If you’re looking for a simple, low maintenance investing strategy, index funds are the clear winner over mutual funds.
Stocks
Another alternative to GICs is investing in individual stocks.
Stock picking is certainly a skill that can be developed, and if you’re good at it, you can build immense wealth. Think of someone like Warren Buffet, who is one of the richest people on the planet due to his stock-picking skills. But it’s important to note that stock picking isn’t easy. As mentioned above, even mutual fund managers, who are professional investors and have a team around them, often underperform the market.
Because you’ll usually hold a smaller number of stocks relative to an index fund, you tend to be less diversified. This means that a single stock’s performance can have a large impact on your portfolio. As well, depending on the time frame of your investing strategy, you may not know if you’re underperforming the market for a long time.
Stock investing can have the advantage of allowing control, being able to outperform the market indexes, and being an engaging way to invest.
For disadvantages, stocks are higher risk, take more work to invest in successfully, and can have an impact on your emotions and stress levels.
Stocks can be a great part of your portfolio, but due to the risk it’s wise to pair with a lower risk asset such as bonds.
Bonds
Bonds are essentially loans made to governments or companies. When you purchase a bond, they typically have a specified term and interest rate. Typically, higher risk companies (smaller, less established companies) pay higher interest rates than blue-chip companies, and governments pay even less due to the low risk.
In general, you wouldn’t purchase individual bonds, but rather buy a bond fund such as ZAG.TO. The fund will contain a collection of bonds and pay a regular dividend (often monthly). Bonds are much lower return compared to stocks but are also less risky.
Bonds have the advantages of being lower risk compared to stocks, paying regular dividends, and being simple to invest in, as you can just purchase a fund.
For disadvantages, bonds provide lower returns compared to stocks.
Bonds and stocks pair very well together to manage risk while also allowing growth. Often you should allocate a portion of your portfolio to each.
High Interest Savings Account
Another alternative to GICs is high interest savings accounts. High interest savings accounts are similar to traditional savings accounts, but typically provide a much higher interest rate.
They are a great option for emergency funds, or for funds that you may need in the short-term, and can’t give up access to (whereas GICs require you to give up access). The interest rate will typically be lower than GICs, but they offer more flexibility.
High-interest savings accounts have the advantages of being very safe, providing more return than a traditional savings account, and providing complete access to your funds.
The disadvantage is that the growth is going to be lower than other options.
Summary
In summary, though GICs may serve a purpose, there are certainly other options available to Canadians.
If you’re looking at a longer time frame (>2 years), investing in stocks, bonds, and/or index funds is recommended (or even a combination of all three). When you have a longer timeframe, you have the ability to weather the volatility, and these options will provide greater growth than a GIC. Mutual funds are not recommended.
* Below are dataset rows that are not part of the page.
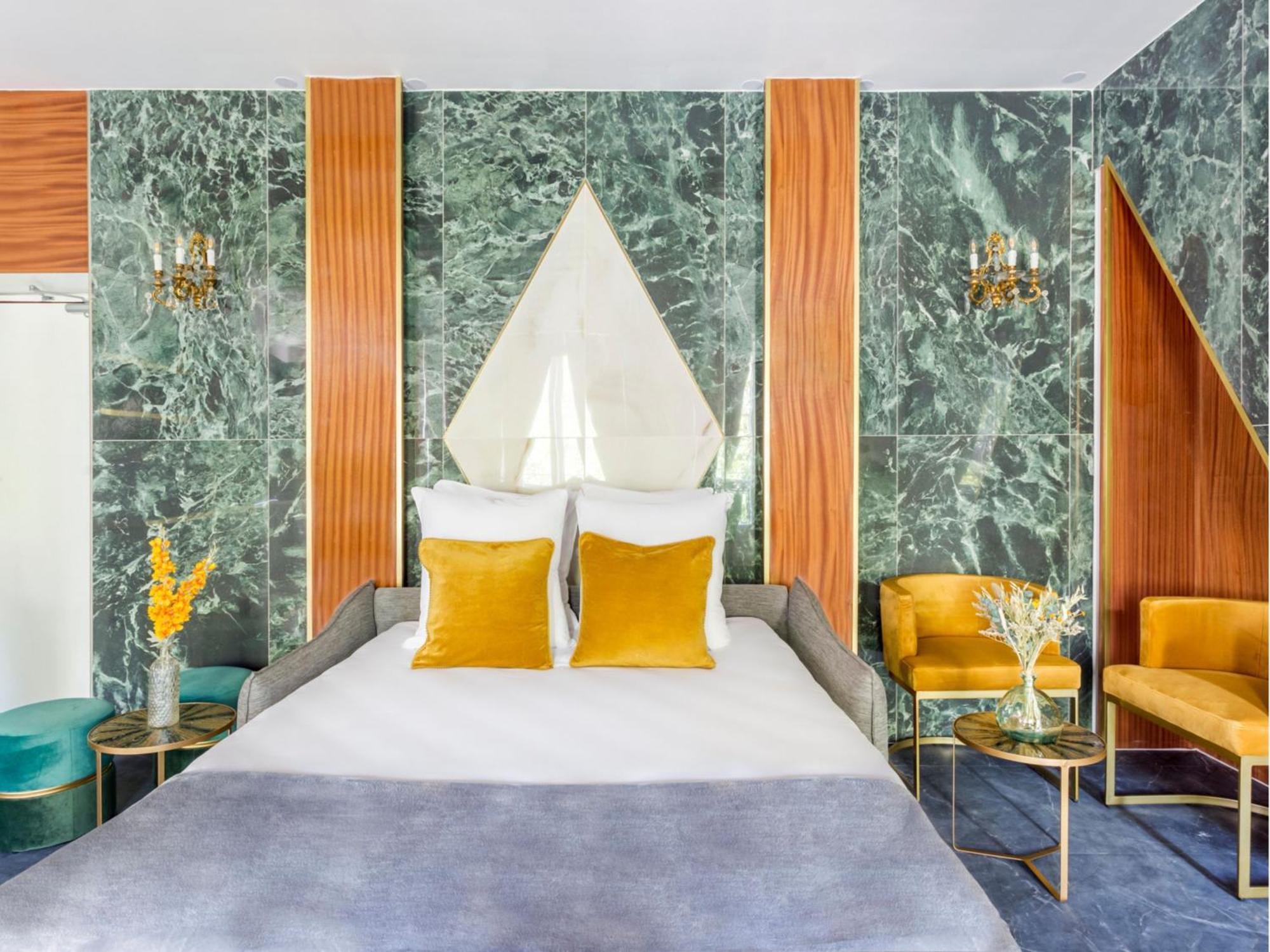 Merveil - Luxury Suite - Marais - Antoine II Paris Exterior photo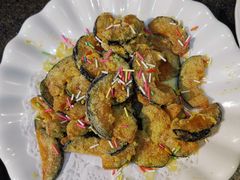 -三道菜(明堂公园店)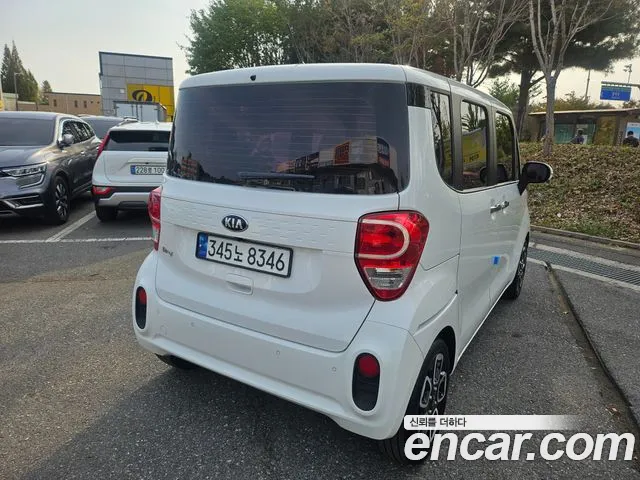Kia Ray 2019 thumb 3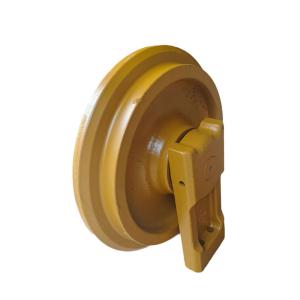 Wholesale Mini Idler Wheel Excavator 328G For BOBCAT Undercarriage Parts from china suppliers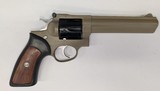 RUGER GP100 .357 MAG - 2 of 2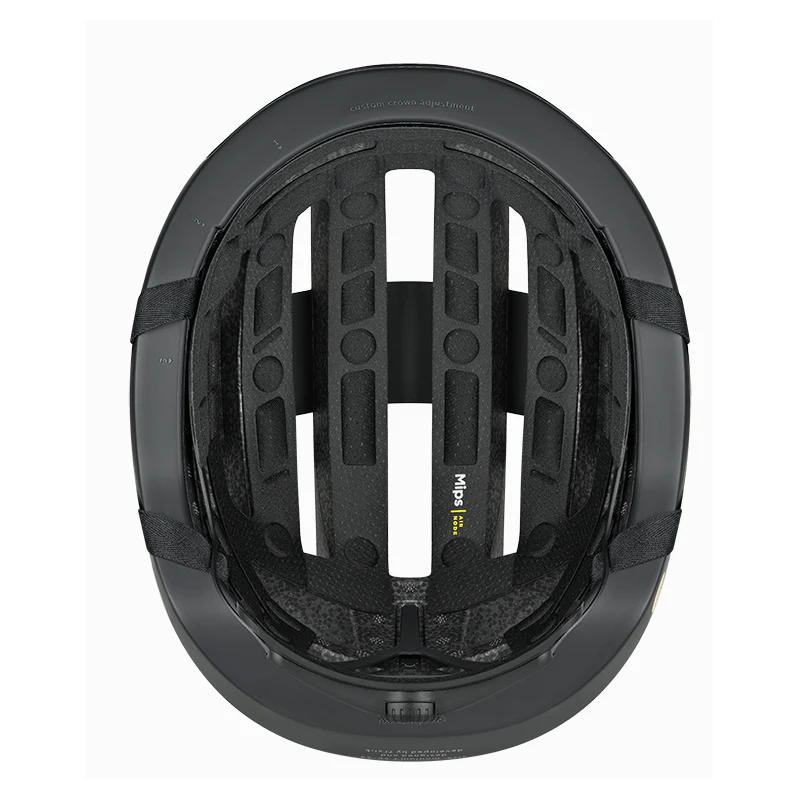 Fizik Casco Kudo Nero - Image 5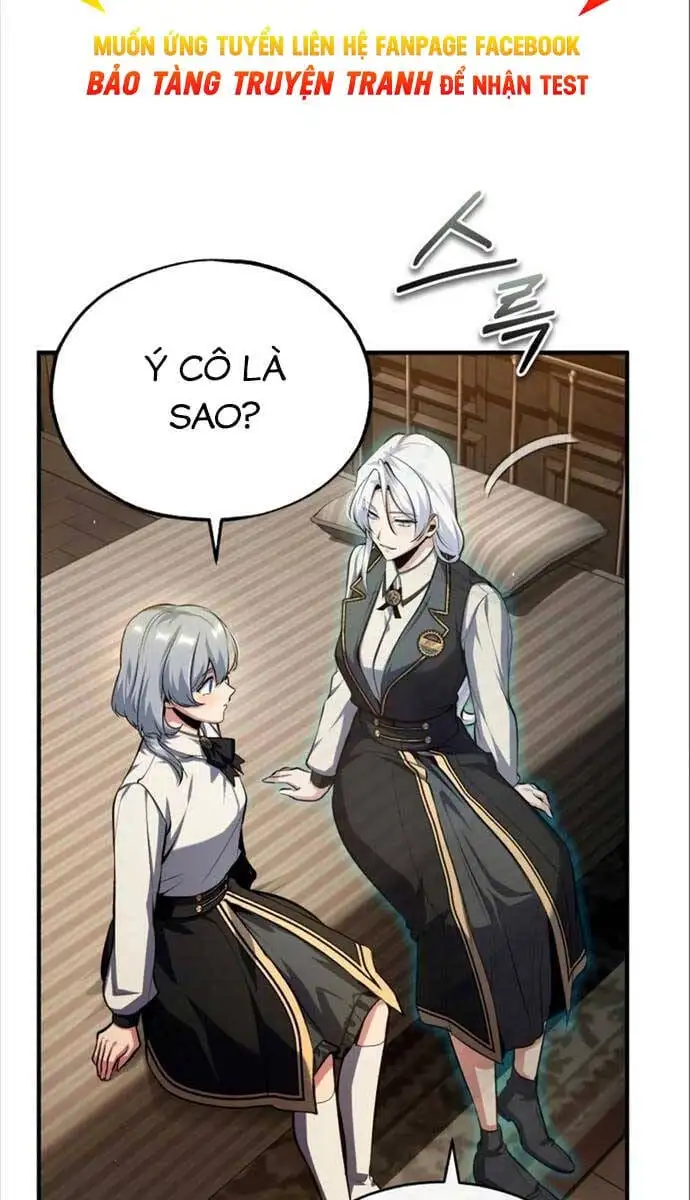 Truyện Tranh Giáo Sư Gián Điệp trang 5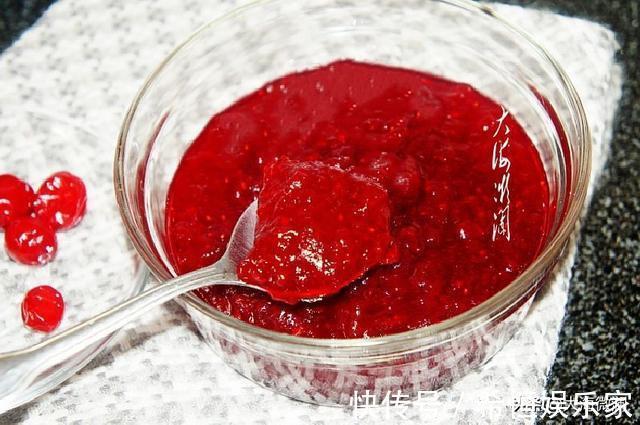 添加|果酱别买了,再馋都要自己做,只需2种食材,无添加,孩子吃放心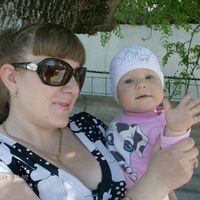 ОЛЬГА СТЕПАНЕЦ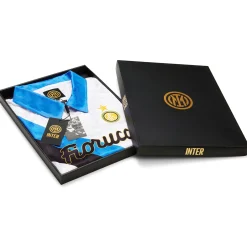 Inter Maglie Storiche|Maglie Storiche^IM MAGLIA STORICA AWAY 1993/94 BIANCO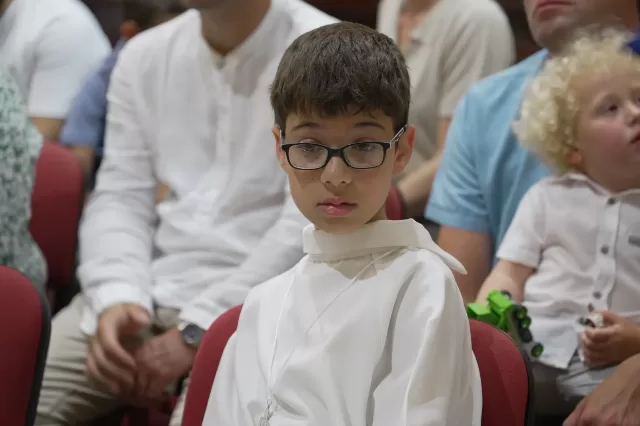 Prva pričest u Rumi 2026 - fotografija 191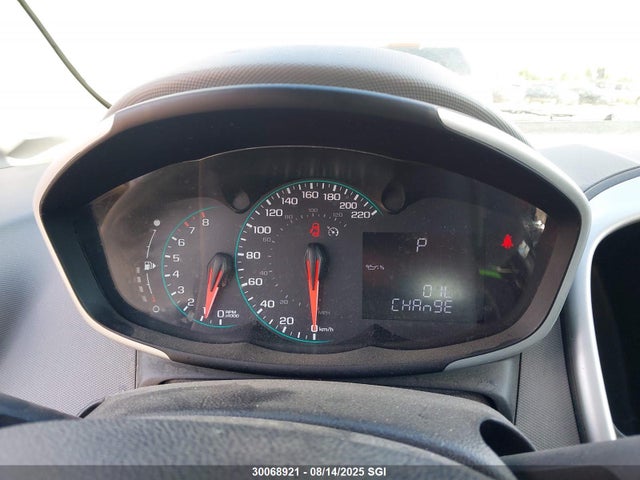 Chevrolet luw - mfi, e85 max 2018 1G1JD5SH4J4122467 Image 7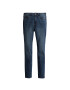 HOLLISTER Jeans albastru denim - Pled.ro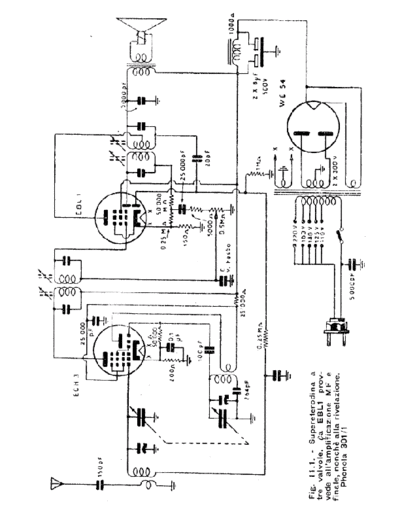Phonola 301-1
Again, if you’re looking for passive investing, you’re better off with index funds.
If you have a short timeframe (less than 6 months), or you’re not willing to give up access to your funds, High-Interest Savings Accounts may be a great option. They offer some growth, but also provide ultimate flexibility.
There are infinite potential options for where to put your money, what’s important is finding an allocation that works with your lifestyle and goals.